Valor econômico, v. 16, n. 3768, 02/06/2015. Opinião, p. A10

 

PIB do 1º trimestre indica que recessão mal começou

 

O que a pequena retração do Produto Interno Bruto, de 0,2% no primeiro trimestre, mostrou é que o pior ainda está por vir. A maior parte dos analistas acredita que o segundo trimestre assistirá uma redução das atividades mais intensa, o que coloca um ponto de interrogação sobre as expectativas de início da recuperação logo no segundo semestre do ano. Há sinais de que o pessimismo começa a influir nas projeções para 2016, com um movimento de revisão para baixo do 1%. No boletim Focus, divulgado ontem pelo Banco Central, porém, esse número figura como previsão da mediana dos participantes.

O resultado do PIB do primeiro trimestre conta parte da história. Nos quatro trimestres encerrados em março contra os quatro anteriores, a retração foi de 0,9% e, ainda assim, com evolução positiva do consumo das famílias, de 0,2%, e do consumo do governo, de 0,4%. Esses dois indicadores tornaram-se negativos no primeiro trimestre e não há razão para estimar que sua performance será melhor no segundo trimestre. A mediana das instituições que participam do Focus aponta uma queda de 1,27% em 2015.

Nos últimos dez anos o crescimento foi puxado praticamente pelo consumo, que agora ensaia forte recuo. Na comparação trimestre a trimestre do consumo das famílias, que tem peso de 62,5% no PIB, houve recuo de 1,5%. O consumo do governo foi na mesma direção, apenas com menos intensidade, com -1,3%. Os investimentos, por outro lado, enfileiram sete trimestres consecutivos de queda. De trimestre para trimestre, o tombo agora foi de 7,8%. Em quatro trimestres sobre os anteriores, há diminuição expressiva de 6,9%. Desta vez, a redução do consumo das famílias atingiu o setor de serviços, que caiu 1,2% em relação ao trimestre imediatamente anterior.

O consumo das famílias, com o maior recuo desde o fim de 2008, não deve ser retomado logo. Há a conjugação de várias incertezas, como o risco para a manutenção do emprego, o de perda de renda para os assalariados, causada pela inflação em alta e oposição das empresas em conceder aumentos reais em um ambiente hostil, e o peso de endividamento de boas proporções sobre uma renda familiar sob estresse. Além disso, o aperto da política monetária está tirando rapidamente o fôlego do crédito, outro fator propulsor do consumo, que exibiu avanço de dois dígitos por anos a fio.

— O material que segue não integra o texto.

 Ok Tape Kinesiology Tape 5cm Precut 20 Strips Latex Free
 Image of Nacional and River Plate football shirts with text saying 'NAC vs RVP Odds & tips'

O horizonte não é muito mais animador para a formação bruta de capital fixo. O governo deve lançar nova etapa do programa de concessões este mês, que pode ter pouco efeito a curto prazo. Mas um dos maiores investidores do país, a Petrobras, está com caixa comprometido e reduzindo sua meta de investimento substancialmente para este e os próximos anos. Atingidos pela Operação Lava-Jato, grandes do setor da construção perderam a capacidade de investir e estão encolhendo severamente seus negócios. Outros entraram em recuperação judicial.

A soma das dificuldades financeiras da Petrobras com os efeitos das investigações sobre corrupção que pesam sobre as empreiteiras podem ser capazes de reduzir a formação bruta de capital em 6%, calcula Alessandra Ribeiro, da consultoria Tendências (Valor, 30 de maio). Às desventuras da Petrobras e de seus fornecedores se soma o aumento dos estoques nas fabricantes de bens de capital, reforçando a tendência de queda.

A política fiscal é contracionista, mas perdeu parte de sua potência com as modificações feitas no Congresso. Pelo lado das receitas, os efeitos do ajuste fiscal ainda estão por acontecer, já que o aumento das alíquotas que eliminam a desoneração da folha de pagamentos ainda não foi aprovada e a carga tributária começa a subir. Cresce a percepção de que o governo central não conseguirá obter o superávit primário pretendido, de R$ 55 bilhões. Isso não será um desastre, se for considerada a herança desastrosa recebida do primeiro mandato da presidente Dilma, embora torne mais longínqua a possibilidade de que as contas públicas entrem em ordem em 2016. O esforço fiscal prometido para o ano que vem é de quase o dobro, de 2% do PIB.

Com as dificuldades do governo para cortar gastos, a freada de arrumação depende mais da política monetária. O BC quer chegar à inflação de 4,5% no fim de 2016, mas há boas dúvidas de que consiga fazê-lo sem forte alta adicional dos juros. Ao longo dos próximos meses ficará claro se o horizonte do crescimento de 2016 também foi comprometido.